“In order to improve labor cost competitiveness, wages in the private sector should follow the lead taken by the public sector in implementing sustained pay cuts”.
Troika, no comunicado da segunda revisão do PAEF de Portugal.
A redução salarial, que começou por ser apenas para o Estado mas que a troika quer ver generalizada a toda a economia, pode não ser a panaceia para todos os males que se tem referido. O impacto de um corte no sector privado, em particular, parece estar longe de ser tão eficaz para atingir os objectivos como um corte no sector público. Vejamos cada caso.
Na Administração Pública, o impacto nas contas, e portanto no défice, é directo: são menos 1.800 milhões de euros de despesa.

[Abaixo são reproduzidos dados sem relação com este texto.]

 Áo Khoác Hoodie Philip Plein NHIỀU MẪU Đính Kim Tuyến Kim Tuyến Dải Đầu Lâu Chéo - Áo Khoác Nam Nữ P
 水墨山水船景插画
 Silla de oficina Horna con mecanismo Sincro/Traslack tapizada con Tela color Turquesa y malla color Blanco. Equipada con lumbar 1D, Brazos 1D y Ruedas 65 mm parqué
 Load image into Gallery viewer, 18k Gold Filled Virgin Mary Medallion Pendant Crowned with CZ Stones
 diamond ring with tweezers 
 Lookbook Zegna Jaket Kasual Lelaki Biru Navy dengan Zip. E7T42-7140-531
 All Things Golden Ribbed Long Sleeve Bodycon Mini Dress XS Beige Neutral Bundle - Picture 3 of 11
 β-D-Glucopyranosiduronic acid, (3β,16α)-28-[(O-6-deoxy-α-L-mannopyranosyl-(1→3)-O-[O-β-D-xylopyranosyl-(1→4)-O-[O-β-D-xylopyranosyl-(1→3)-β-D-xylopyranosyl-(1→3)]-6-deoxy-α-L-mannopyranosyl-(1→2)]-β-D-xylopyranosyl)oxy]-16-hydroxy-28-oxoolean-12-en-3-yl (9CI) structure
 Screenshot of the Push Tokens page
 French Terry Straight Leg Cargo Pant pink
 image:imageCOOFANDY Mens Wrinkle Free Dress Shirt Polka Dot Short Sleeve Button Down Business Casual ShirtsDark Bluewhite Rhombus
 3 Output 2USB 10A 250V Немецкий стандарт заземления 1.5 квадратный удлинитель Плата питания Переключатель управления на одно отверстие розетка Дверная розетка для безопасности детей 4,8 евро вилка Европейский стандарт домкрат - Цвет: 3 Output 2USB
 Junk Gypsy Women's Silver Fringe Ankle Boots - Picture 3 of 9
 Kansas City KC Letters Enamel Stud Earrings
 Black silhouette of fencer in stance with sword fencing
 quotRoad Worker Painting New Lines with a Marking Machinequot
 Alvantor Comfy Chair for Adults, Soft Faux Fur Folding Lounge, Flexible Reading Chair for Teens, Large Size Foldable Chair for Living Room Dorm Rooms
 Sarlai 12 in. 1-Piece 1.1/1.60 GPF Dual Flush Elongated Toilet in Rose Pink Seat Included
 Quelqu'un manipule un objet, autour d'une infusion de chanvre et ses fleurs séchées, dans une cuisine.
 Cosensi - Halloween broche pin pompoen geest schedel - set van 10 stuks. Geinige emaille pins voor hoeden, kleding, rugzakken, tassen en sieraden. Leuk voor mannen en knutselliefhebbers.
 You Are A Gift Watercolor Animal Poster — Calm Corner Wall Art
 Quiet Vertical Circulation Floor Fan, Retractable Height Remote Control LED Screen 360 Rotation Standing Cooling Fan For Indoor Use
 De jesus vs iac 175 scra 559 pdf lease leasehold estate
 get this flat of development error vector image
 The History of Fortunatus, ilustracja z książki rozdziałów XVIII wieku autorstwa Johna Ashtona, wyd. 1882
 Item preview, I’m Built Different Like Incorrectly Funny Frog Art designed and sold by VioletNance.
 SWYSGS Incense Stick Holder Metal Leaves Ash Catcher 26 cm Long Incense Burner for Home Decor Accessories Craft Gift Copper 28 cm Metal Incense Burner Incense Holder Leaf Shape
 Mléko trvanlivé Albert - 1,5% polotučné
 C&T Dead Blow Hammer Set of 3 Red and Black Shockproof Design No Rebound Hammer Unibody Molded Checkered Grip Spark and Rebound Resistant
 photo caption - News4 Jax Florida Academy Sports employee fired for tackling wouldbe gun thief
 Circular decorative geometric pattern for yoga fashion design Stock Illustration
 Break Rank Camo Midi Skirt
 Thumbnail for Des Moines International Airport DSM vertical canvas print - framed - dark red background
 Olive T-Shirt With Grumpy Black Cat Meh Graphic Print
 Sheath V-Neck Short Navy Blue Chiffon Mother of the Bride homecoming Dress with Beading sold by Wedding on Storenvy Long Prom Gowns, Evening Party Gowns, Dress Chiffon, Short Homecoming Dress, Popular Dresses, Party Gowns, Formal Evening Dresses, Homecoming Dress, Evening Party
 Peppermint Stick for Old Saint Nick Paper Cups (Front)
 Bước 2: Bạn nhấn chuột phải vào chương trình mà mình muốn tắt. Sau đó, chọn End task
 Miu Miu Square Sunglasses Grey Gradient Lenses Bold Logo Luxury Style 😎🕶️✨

O défice também cai, embora num valor ligeiramente mais baixo porque a medida também faz com que a receita de IRS seja menor. Por outro lado, também há um efeito ao nível dos incentivos: o sector público torna-se relativamente menos atractivo do que o sector privado, o que deve conduzir ao desvio de recursos de um para o outro. Veja-se o seguinte gráfico:
Tomando como base para 2005 o diferencial ao nível salarial estimado pelo Banco de Portugal, e calculando os diferenciais dos anos seguintes através dos números da Comissão Europeia e do próprio Governo, conclui-se que o “prémio salarial” terá desaparecido em 2012 (em média, obviamente). Na prática, isto equivale a tornar o sector público menos atractivo do que o sector privado. Ao impacto orçamental soma-se, assim, um impacto ao nível dos incentivos.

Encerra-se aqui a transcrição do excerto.